■ DATA PROVIDED ■
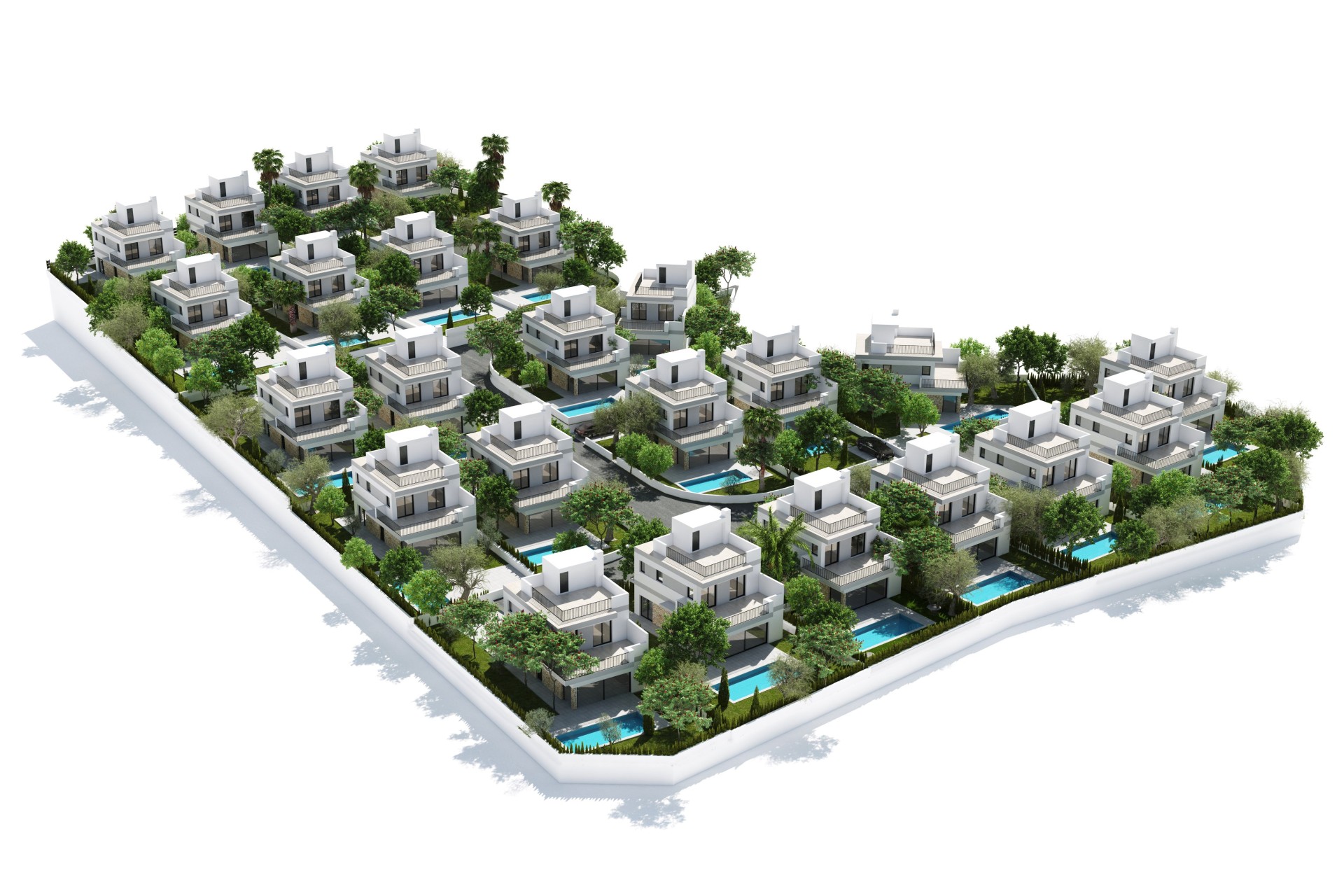 Nieuwbouw Woningen - detached - San Miguel de Salinas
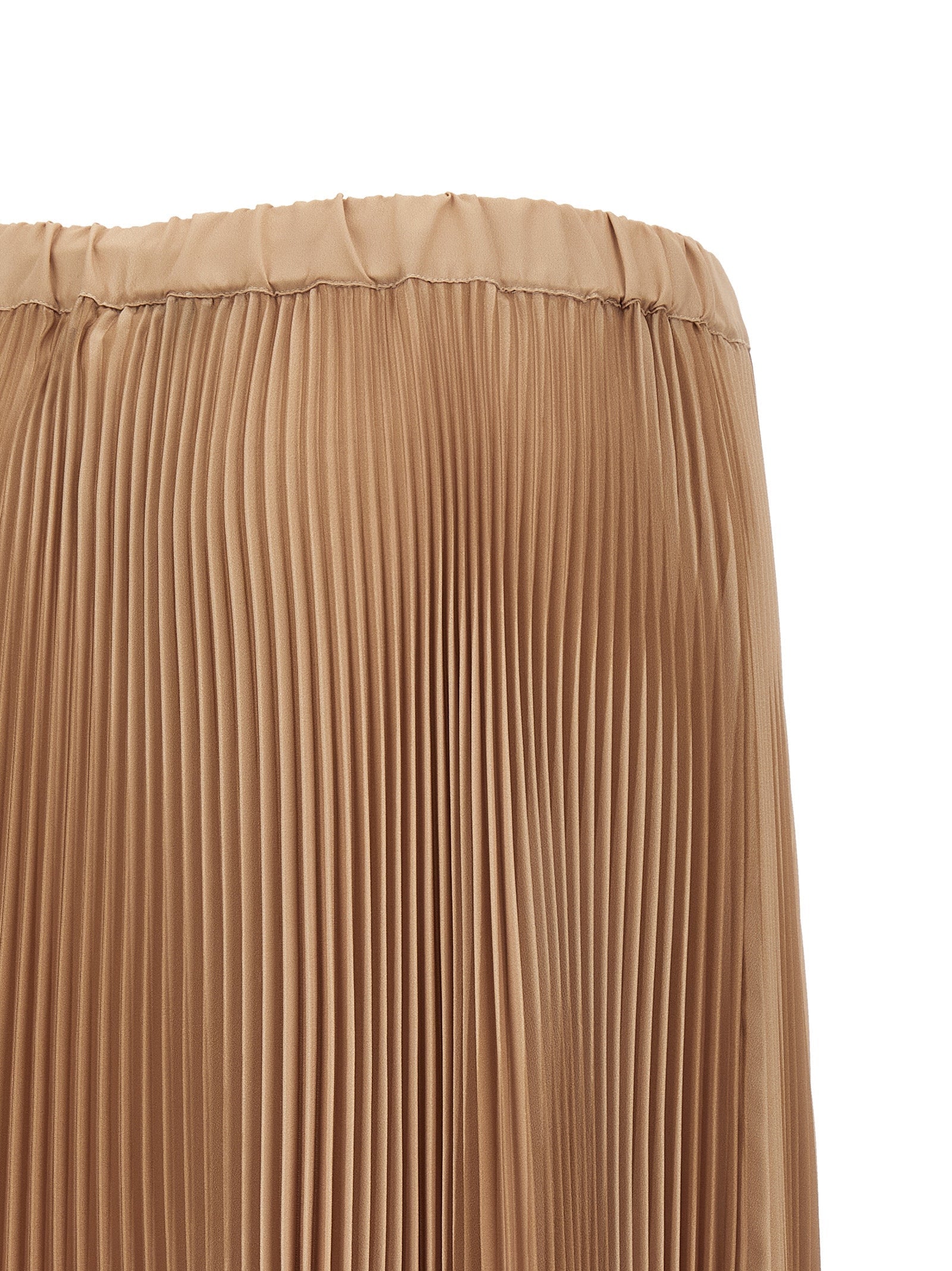 Fabiana Filippi Beige Polyester Midi Skirt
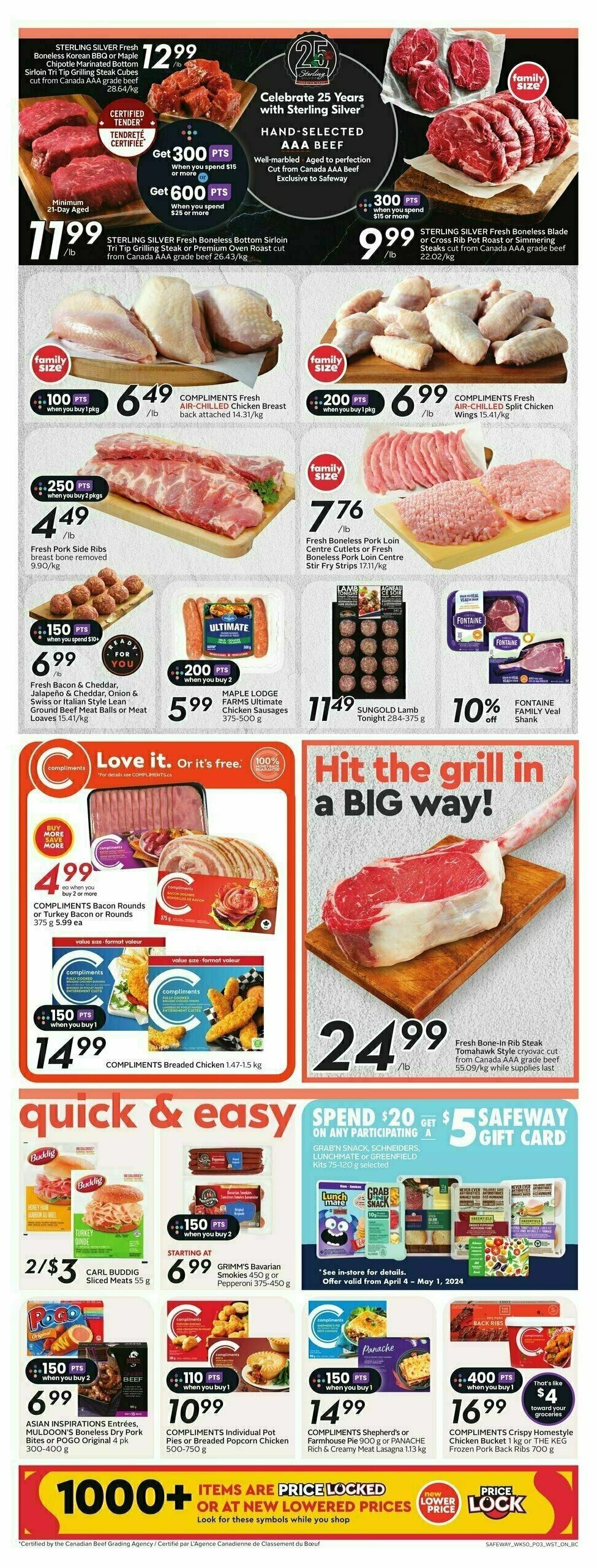 Safeway Flyer from April 11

■ TASK DIRECTIONS ■
Retype the data above exactly; pictures are not part of the copy.

■ OUTPUT OF THE EXERCISE ■
 Nieuwbouw Woningen - detached - San Miguel de Salinas
 Fabiana Filippi Beige Polyester Midi Skirt
 Safeway Flyer from April 11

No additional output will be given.